Some time later they decided to retreat back all the way outside. On the way down the stairs, they continued handing out leaflets to latecomers.
Amazingly, after all that, back inside one Code Pink member had slipped through the dragnet and continued to proselytize the crowd all by herself.
Down on the sidewalk, the expelled protesters consulted on what their next move should be.
Sherry crossed the street to their rather large protest van.
She opened the back door and retrieved something from inside.
Then she came back to continue the "creative action," as the protest had been described.

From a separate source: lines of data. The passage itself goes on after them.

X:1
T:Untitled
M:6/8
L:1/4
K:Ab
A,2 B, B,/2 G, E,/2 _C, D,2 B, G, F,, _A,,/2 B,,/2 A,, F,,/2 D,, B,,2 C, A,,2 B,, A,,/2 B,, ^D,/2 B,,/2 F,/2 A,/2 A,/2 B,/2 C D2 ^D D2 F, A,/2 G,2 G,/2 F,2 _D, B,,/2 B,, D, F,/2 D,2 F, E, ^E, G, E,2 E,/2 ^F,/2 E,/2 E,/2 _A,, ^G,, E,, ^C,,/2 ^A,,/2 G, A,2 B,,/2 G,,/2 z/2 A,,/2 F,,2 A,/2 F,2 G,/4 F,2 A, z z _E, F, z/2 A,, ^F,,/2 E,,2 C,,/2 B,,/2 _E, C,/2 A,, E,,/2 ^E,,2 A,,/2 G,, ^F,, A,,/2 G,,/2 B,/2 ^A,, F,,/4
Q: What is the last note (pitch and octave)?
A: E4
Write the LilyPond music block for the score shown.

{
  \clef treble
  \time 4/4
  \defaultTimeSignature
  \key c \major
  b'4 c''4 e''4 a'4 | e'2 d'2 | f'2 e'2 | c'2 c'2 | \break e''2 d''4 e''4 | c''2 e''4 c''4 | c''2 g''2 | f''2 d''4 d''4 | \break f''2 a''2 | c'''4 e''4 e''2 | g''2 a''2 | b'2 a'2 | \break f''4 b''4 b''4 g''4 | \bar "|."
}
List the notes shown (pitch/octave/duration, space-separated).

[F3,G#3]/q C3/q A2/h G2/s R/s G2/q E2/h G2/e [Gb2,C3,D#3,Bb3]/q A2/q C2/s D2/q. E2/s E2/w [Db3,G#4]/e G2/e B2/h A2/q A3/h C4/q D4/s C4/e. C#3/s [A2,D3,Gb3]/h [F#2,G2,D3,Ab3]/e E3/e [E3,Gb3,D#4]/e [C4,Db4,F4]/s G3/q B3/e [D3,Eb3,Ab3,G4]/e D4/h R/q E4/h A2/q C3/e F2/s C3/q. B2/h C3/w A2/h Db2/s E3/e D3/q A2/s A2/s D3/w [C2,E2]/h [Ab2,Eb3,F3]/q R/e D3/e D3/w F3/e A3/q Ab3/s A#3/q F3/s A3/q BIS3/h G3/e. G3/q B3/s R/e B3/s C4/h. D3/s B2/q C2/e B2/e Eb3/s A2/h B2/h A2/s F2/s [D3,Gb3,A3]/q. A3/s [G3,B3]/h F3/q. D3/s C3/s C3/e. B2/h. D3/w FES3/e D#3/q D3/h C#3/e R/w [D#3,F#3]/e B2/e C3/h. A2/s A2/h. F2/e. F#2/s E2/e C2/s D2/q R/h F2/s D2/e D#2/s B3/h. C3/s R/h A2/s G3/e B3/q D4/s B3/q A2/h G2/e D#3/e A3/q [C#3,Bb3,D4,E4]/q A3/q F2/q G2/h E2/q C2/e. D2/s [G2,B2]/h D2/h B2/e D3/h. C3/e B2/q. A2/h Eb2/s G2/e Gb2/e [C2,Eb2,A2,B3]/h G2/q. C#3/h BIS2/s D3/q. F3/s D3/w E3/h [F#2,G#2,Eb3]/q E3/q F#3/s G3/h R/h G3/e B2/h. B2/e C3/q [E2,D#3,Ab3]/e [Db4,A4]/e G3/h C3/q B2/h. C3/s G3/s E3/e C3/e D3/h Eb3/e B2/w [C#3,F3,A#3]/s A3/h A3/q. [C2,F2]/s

Curious as to what kind of carbon footprint Breasts Not Bombs and Code Pink were leaving, I went over to their van to see what model it was exactly.
Turns out it was a Freightliner Sprinter 2500 SHC, a massive mega-SUV behemoth. But remember: they need a huge car, unlike you, so it's OK!
Having been kicked out of the party, the protesters decided the best course of action was to set up camp on the sidewalk in front of the event.
It was all for the best in the long run, as they had more of a sympathetic audience amongst passersby anyway.
And so another San Francisco protest came to an ignominious end.
[UPDATE: Earlier in the day, the same Breasts Not Bombs crew staged another protest outside Nancy Pelosi's congressional office, and someone managed to capture part of it on video.]